(Dataset content Opens)

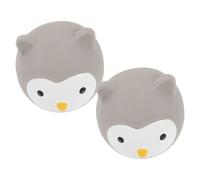 FUTUREORYY 2pcs Interactive Squeaky Dog Cartoon Owl Design Durable Molar Chew for Playing Indoors Outdoors Enhances Reduces Destructive Behavior
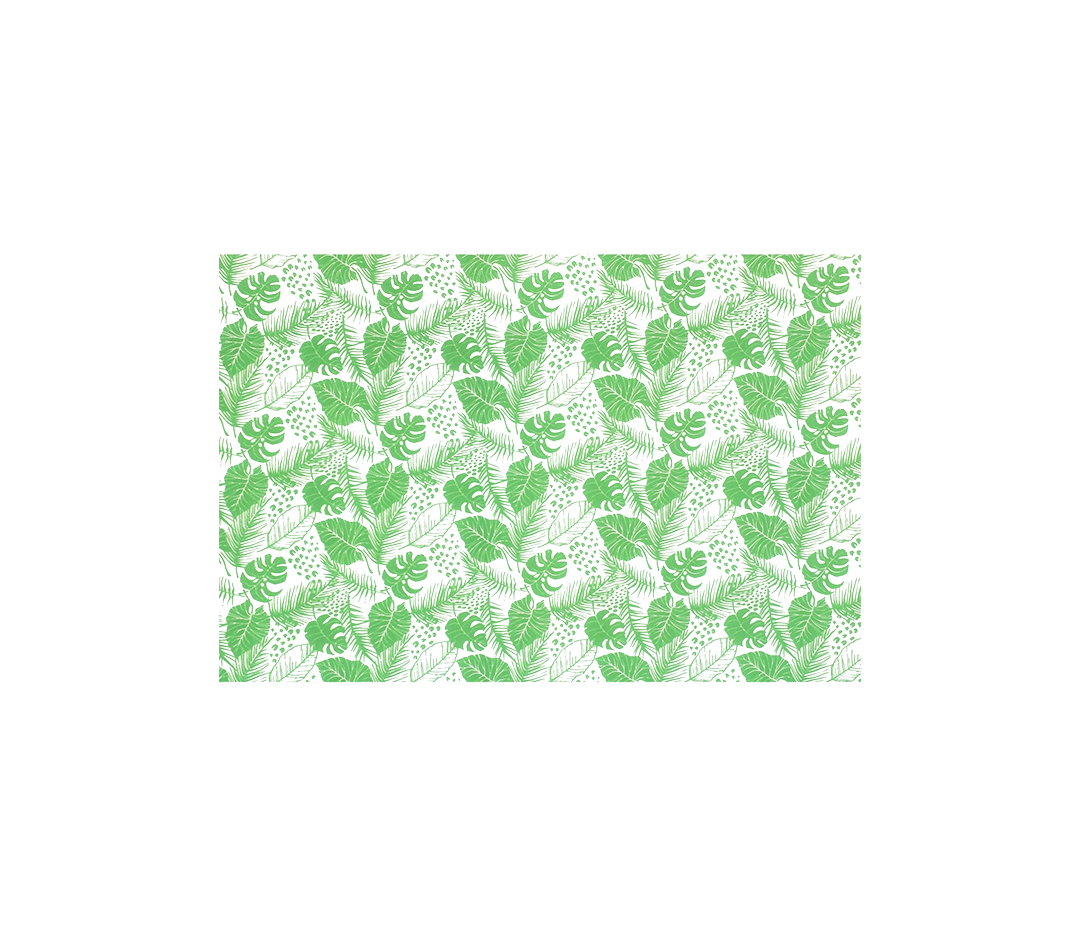 Feuilles transfert chocolat motif tropical - Lot de 10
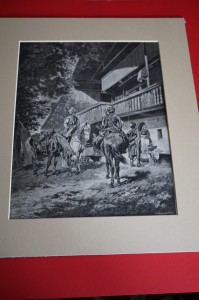 SZERNER W.: Lisowczycy w Niemczech. Drzeworyt, 1882.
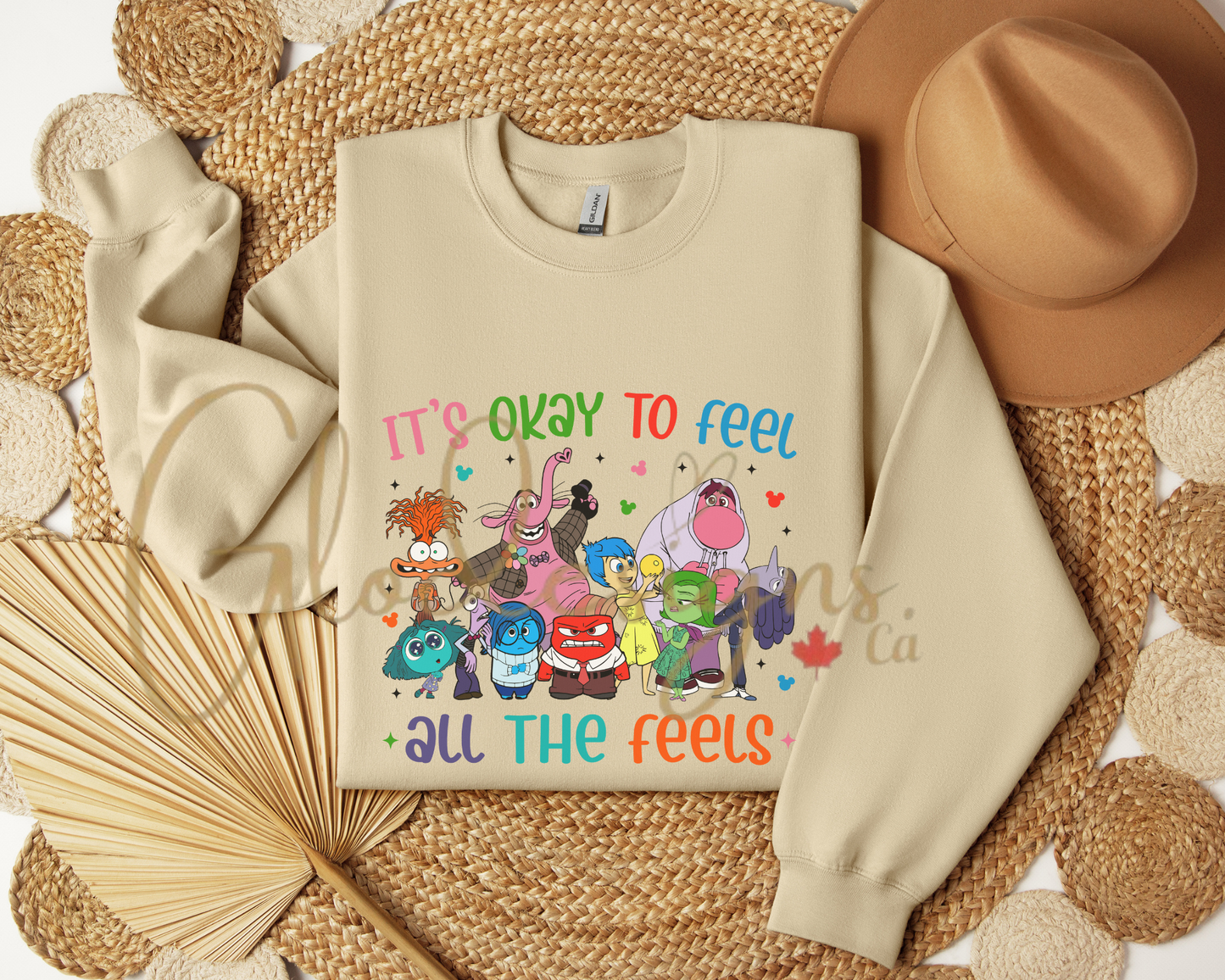 Inside Out2 Intensamente Crewneck (Unisex).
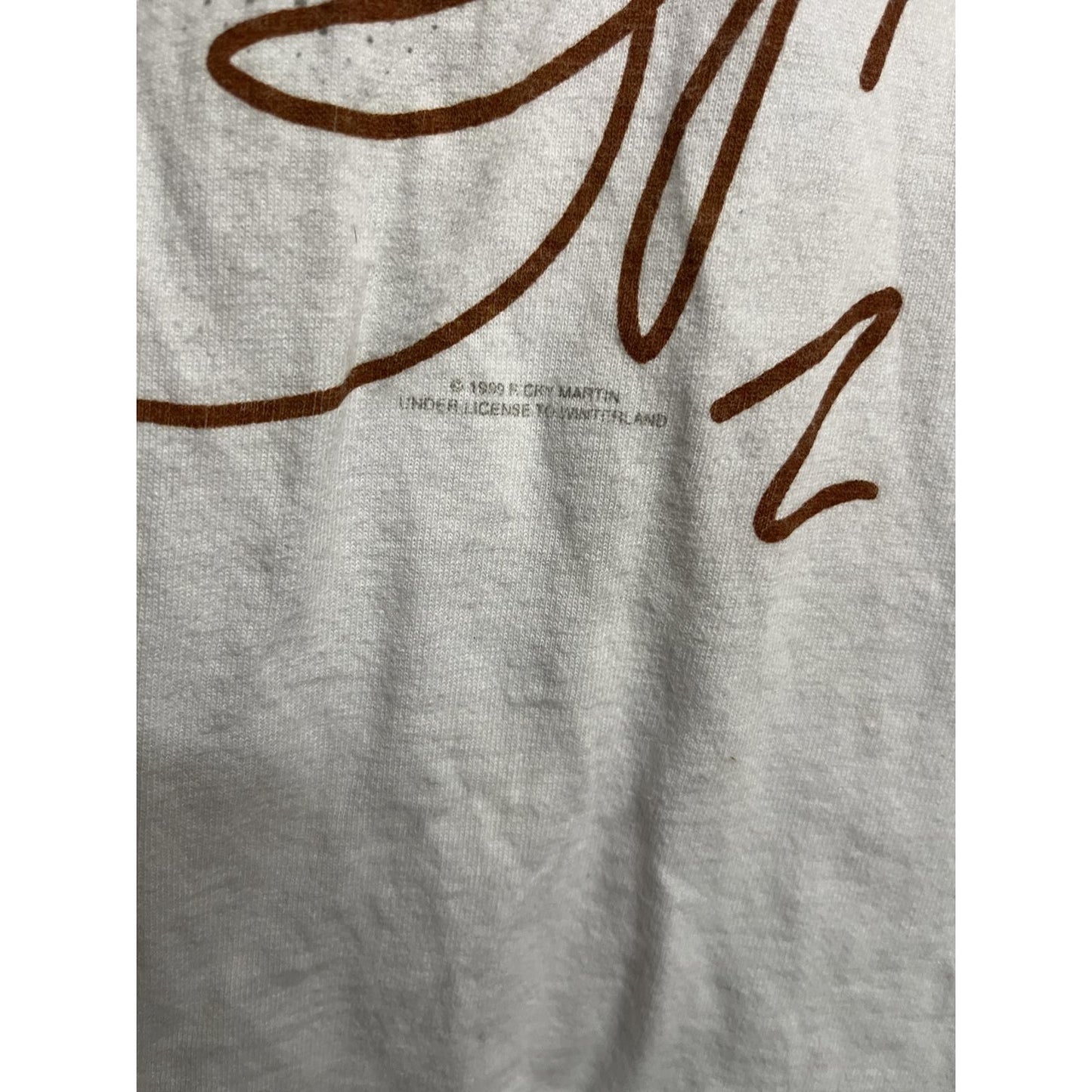 VTG Young Ricky Martin T-shirt 1999 Bare Foot Tee -S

(Dataset content Closes)

Task details:
Please give every line above again word for word, apart from the pictures.

Answer to the problem:
 FUTUREORYY 2pcs Interactive Squeaky Dog Cartoon Owl Design Durable Molar Chew for Playing Indoors Outdoors Enhances Reduces Destructive Behavior
 Feuilles transfert chocolat motif tropical - Lot de 10
 SZERNER W.: Lisowczycy w Niemczech. Drzeworyt, 1882.
 Inside Out2 Intensamente Crewneck (Unisex).
 VTG Young Ricky Martin T-shirt 1999 Bare Foot Tee -S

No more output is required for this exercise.